Not mine but sounds like a showerthought to me. TL;DR ChromeOS is the “wrong” version of Linux and has 4% while GNU/Linux has 3%
Not mine but sounds like a showerthought to me. TL;DR ChromeOS is the “wrong” version of Linux and has 4% while GNU/Linux has 3%
Because the biggest practical downside of Linux is a lack of natively developed big name software. It’s annoying to find some great software that perfectly meets your needs and then discover than it can’t run with decent performance on Linux.
Market share growing means that Linux becomes a better and more accessible option.
So what’s the magical percentage of market share that gets Adobe to port their proprietary software over to Linux?
If they support Macs then whatever these things’ market share is, I suppose.
Wikipedia is using this site as the source, and that site shows around 20% market share for Mac. Linux is at 3% and ChromeOS is at 4%, so if you combine them and double that it still isn’t at 75% of the market share Mac has.
This isn’t mentioning that dealing with Linux compatibility is more annoying than Mac or Windows compatibility. Macs are very uniform, Windows has a giant making sure everything is compatible, and Linux has 900 distros that will never agree to co-operate.
Flatpak
Windows is also ridiculously good at backwards compatibility. Mac frequently just breaks old software and Linux is largely unconcerned because they assume anyone that cares will find a way. That backwards compatibility is over of the major keys to Windows success with developers.
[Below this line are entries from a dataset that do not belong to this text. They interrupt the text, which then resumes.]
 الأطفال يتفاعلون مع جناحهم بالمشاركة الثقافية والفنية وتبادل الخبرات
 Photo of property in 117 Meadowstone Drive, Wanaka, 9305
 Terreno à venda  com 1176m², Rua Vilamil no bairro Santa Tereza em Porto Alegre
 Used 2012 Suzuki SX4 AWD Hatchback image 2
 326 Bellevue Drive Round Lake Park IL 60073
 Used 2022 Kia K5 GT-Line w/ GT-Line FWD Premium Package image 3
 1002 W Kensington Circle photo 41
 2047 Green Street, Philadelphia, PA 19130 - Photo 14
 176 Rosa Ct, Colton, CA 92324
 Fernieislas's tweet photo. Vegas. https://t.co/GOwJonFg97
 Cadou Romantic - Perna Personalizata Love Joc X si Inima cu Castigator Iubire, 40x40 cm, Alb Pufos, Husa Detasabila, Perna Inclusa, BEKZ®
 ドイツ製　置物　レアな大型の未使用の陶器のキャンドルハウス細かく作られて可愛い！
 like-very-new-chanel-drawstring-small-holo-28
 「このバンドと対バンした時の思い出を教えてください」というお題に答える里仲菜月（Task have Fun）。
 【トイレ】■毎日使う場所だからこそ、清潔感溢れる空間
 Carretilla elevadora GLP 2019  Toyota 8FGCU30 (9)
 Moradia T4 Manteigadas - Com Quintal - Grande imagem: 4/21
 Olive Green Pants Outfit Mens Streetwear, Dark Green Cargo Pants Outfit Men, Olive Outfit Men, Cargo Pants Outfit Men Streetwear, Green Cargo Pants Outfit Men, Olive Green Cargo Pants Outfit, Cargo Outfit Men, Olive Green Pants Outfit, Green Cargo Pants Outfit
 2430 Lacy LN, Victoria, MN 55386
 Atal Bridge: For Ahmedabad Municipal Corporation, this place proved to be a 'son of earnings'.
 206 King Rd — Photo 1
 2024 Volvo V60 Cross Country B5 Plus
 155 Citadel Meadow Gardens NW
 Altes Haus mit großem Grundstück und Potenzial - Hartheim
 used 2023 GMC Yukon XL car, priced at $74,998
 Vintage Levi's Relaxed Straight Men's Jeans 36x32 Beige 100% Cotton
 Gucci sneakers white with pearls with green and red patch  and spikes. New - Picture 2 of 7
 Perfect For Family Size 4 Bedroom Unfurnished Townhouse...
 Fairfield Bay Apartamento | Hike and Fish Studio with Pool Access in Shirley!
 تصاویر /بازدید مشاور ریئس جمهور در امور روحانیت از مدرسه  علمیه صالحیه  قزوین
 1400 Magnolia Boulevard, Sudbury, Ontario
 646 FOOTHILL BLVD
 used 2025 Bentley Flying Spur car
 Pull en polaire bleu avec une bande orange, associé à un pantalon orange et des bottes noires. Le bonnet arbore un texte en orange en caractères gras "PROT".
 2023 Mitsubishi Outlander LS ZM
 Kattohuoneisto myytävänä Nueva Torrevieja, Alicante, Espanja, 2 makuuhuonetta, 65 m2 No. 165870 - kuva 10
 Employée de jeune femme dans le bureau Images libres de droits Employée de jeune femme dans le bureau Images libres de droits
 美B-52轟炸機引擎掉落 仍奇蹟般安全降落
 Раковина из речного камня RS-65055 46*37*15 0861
But Linux is good at backward compatibility tho. Linus Torvalds leadership made sure that very few if at all any changes to the kernel will break existing userland. This means that if you have a program with their needed dependencies in the right version (which is easy with docker/flatpak/appimage) your programs will run flawlessly even if they are from the 90s.
Though Linux the kernel might be stable and considerate, Linux the ecosystem is not.